24 yıl önce Hafize Gaye Erkan'ın ‘torpil’den dert yandığı için Star gazetesine manşet olduğunu hatırlatan Yılmaz Özdil, çarpıcı detaylar paylaştı.
BİRİNCİ SAYFADAN MANŞET OLDU
Hafize Gaye Erkan'ın ABD’ye gidiş hikayesini anlatan Özdil, 2001 yılında Erkan'ın Boğaziçi Üniversitesi'nden dereceyle mezun olduğu halde bedavaya bile staj imkanı bulamadığını, babasının ise Özdil'in çalıştığı gazeteyi (Star) arayarak 'torpilden' yakındığını söylediğini aktardı.

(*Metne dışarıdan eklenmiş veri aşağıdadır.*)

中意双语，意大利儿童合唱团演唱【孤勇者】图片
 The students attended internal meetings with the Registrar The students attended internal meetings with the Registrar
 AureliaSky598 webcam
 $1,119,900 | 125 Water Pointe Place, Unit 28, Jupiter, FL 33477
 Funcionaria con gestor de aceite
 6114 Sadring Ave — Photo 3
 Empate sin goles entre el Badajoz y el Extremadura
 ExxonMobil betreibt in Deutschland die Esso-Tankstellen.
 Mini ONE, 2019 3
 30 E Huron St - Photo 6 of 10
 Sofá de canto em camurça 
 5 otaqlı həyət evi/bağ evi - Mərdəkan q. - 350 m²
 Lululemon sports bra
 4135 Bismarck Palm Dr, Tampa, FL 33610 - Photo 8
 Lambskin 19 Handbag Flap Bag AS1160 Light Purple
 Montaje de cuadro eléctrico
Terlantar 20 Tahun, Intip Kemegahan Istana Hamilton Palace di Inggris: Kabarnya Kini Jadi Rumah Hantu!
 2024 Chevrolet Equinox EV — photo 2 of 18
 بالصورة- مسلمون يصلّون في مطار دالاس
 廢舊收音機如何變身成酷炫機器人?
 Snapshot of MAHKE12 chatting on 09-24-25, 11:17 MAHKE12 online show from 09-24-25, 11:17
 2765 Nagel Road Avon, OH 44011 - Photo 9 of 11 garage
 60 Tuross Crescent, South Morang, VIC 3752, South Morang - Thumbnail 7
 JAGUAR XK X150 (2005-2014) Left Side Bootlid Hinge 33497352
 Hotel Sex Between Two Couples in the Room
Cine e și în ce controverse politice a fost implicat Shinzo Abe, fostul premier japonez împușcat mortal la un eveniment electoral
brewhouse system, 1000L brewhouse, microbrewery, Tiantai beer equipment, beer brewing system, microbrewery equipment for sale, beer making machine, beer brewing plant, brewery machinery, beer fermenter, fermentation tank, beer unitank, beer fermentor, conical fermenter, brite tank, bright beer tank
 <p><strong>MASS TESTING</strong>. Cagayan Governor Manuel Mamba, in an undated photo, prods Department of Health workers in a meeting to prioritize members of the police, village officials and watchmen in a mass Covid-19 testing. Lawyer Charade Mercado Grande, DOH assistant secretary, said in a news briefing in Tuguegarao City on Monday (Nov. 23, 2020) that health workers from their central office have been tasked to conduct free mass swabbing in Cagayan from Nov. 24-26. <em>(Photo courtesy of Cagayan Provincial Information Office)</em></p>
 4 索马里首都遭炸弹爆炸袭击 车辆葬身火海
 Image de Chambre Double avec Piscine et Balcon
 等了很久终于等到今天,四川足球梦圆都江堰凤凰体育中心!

“24 yıl önceydi, 2001 yılı, öfkeli bir babanın çalıştığım gazeteye telefon etmesiyle başlamıştı her şey…” diyen yazar, o gün yaşananları şu sözlerle paylaştı:
“Torpilden, liyakat sorunundan şikayet eden bir babaydı. Mevzu eğitim olduğu için, eğitim muhabirimize bağlamışlardı. Ateş püskürüyordu, ‘size güveniyoruz, sadece sizin gibi gazetecilere güveniyoruz’ diyordu.
Kızının Boğaziçi Üniversitesi’nden onur derecesiyle mezun olduğunu, ama, ücret bile istemediği halde, yani bedava olduğu halde, staj yapacak şirket bile bulamadığını anlatıyordu.
Bu tür işlerin torpille yürüdüğünü, torpil yaptırmadıkları için Türkiye’deki bütün kapıların kızının suratına kapatıldığını anlatıyordu.
İdealist bir insan olarak “gazeteye yazın kardeşim” diye haykırıyordu telefonda, “torpil Türkiye’nin utancıdır” diyordu, haklıydı, “torpille liyakatın önüne geçiyorlar” diyordu, kesinlikle haklıydı, “imkanım olmasına rağmen kızıma torpil yaptırmayacağım” diyordu, “kızımın başarısını ezerek, torpille staj yeri bulmayacağım” diyordu. Ve, meramını daha detaylı anlatabilmek için yüz yüze görüşmek istiyordu.”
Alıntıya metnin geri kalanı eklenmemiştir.